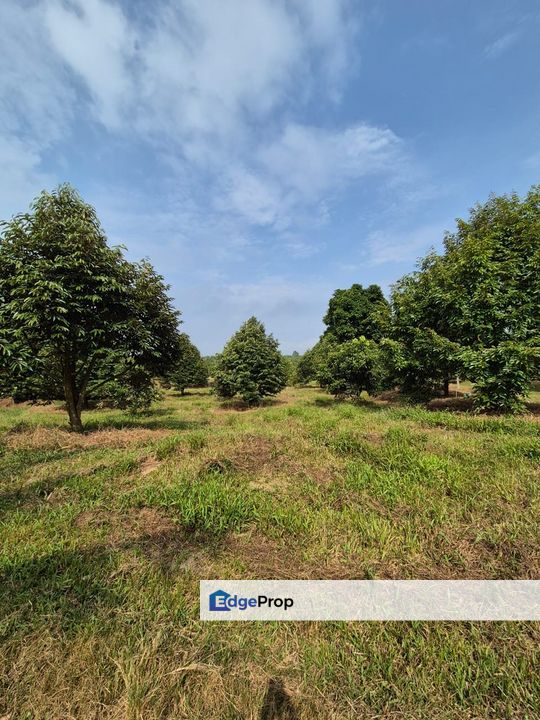 Machap Land, Johor, Simpang Renggam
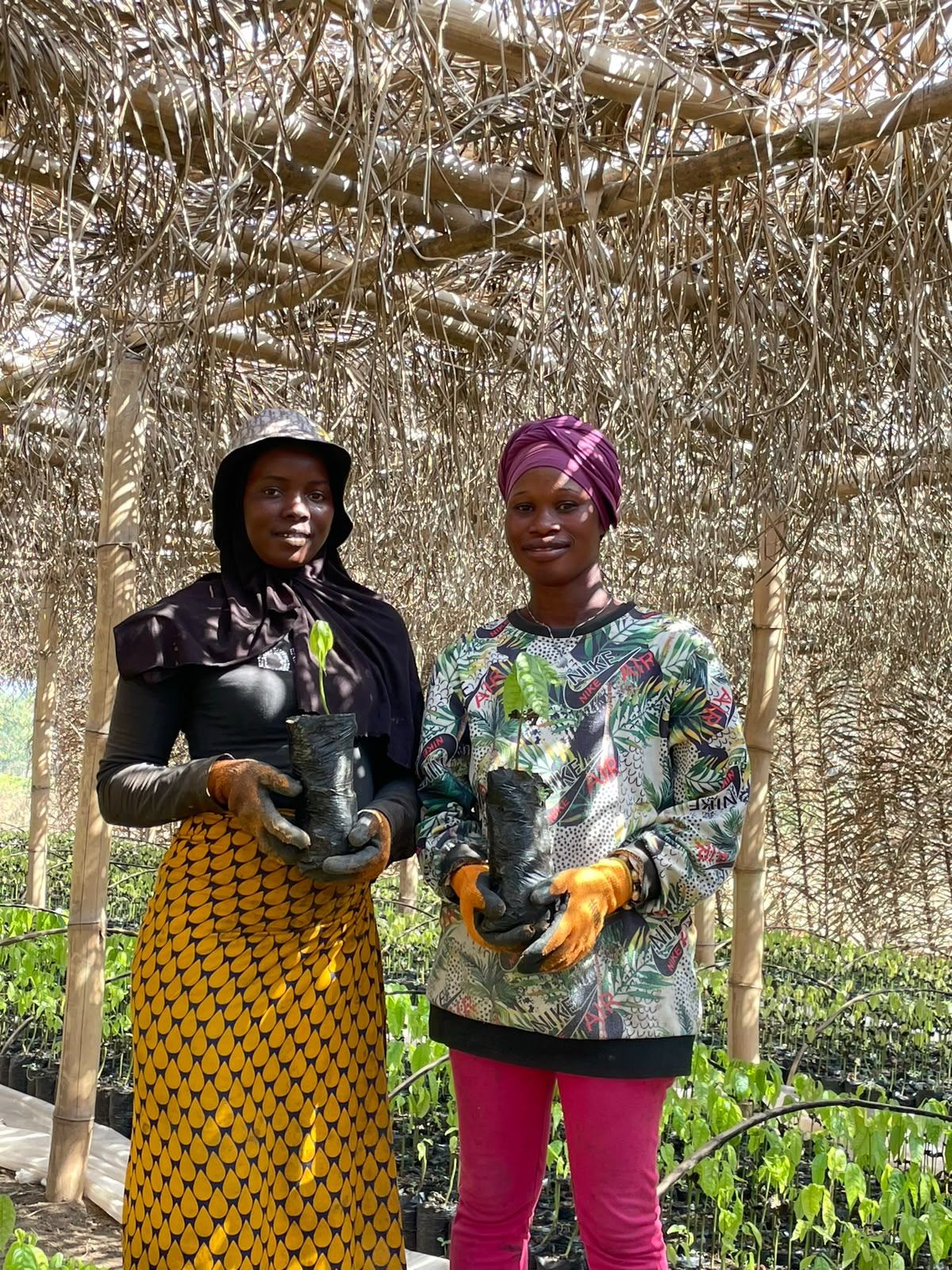 Two women holding coffee seedlings at the nursery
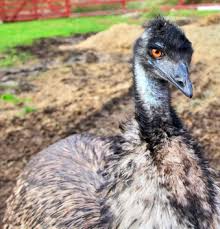 Emu oil is an aboriginal remedy said to improve the quality of the skin and hair and to treat certain medical conditions, including ibd and arthritis. Using Emu Oil For Hair Loss Will Amaze Youunderground Health Reporter Underground Health Reporter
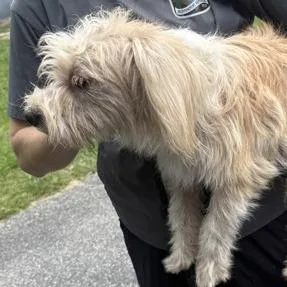 A young small-sized male Havanese dog named Vanilla Ice for adoption in East Hanover, NJ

**EXERCISE GOAL:** If a line holds a picture, skip the picture and transcribe the rest of the material exactly.

**ANSWER TO THIS EXERCISE:**
 Machap Land, Johor, Simpang Renggam
 Two women holding coffee seedlings at the nursery
 Emu oil is an aboriginal remedy said to improve the quality of the skin and hair and to treat certain medical conditions, including ibd and arthritis. Using Emu Oil For Hair Loss Will Amaze Youunderground Health Reporter Underground Health Reporter
 A young small-sized male Havanese dog named Vanilla Ice for adoption in East Hanover, NJ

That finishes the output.